The AFR reports that Mark Burgess, chairman of asset management firm Yarra Capital and the investment committee of industry fund HESTA said,“Two million people had investment properties in 2013 and I’m sure it’s much higher today, 40,000 had six or more.”
It reminds me of the scene in The Big Short when Mark Baum is talking to the lap dancer about what she’ll do when mortgage rates reset and admits she has 5 properties and a condo.
It also reminds me of a time when working in London in the early 2000s and my uncle mentioned one of his staff had nine properties. Nine. That’s what I call leverage.
Of course being on the property ladder is sort of a right of passage in Australia. The angst and wailing of first time property buyers not being able to pursue the Aussie dream is ringing louder.
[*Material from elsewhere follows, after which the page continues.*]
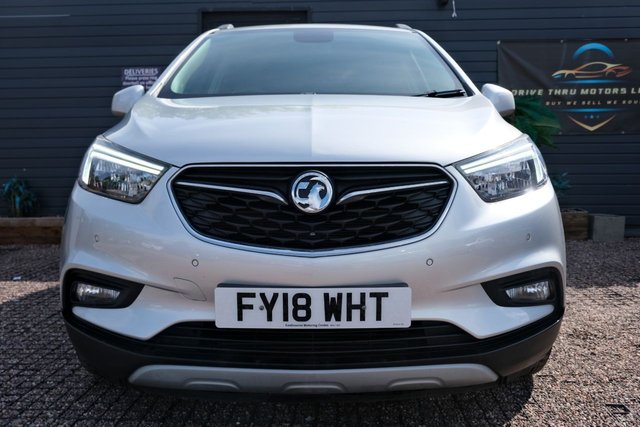 View our VAUXHALL MOKKA X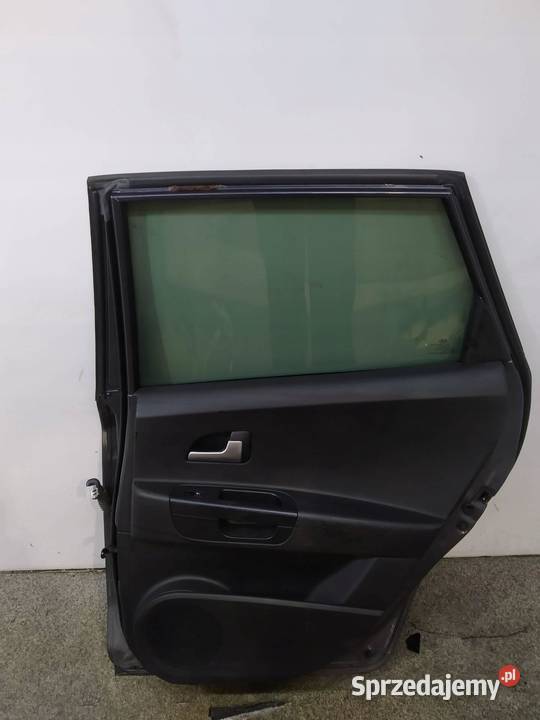 DRZWI PRAWE TYŁ KOMBI LIFT 5K Kia Ceed I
When the Victorian government offers 25% of the value of a home as an interest free loan or the federal government allows access to ring-fenced superannuation funds as a way of assisting them it is hard not to think that the bubble is reaching bursting point.
Unlike shares or bonds, properties aren’t liquid in a downturn. With private debt to GDP ratio of 180% and four spots in the global top 10 most expensive property markets what am I missing? Yes relentless overseas buying and a supply shortage but “affordability” exceeding 13x average income vs 7x prior to GFC doesn’t bode well.
Interesting to see another article which read,
“According to a new survey from Manulife Bank, nearly 75% of Canadian homeowners would have difficulty paying their mortgage every month if their payments increased by as little as 10%.”
I’m sure it’s nothing! I guess aliens haven’t entered the global property markets yet.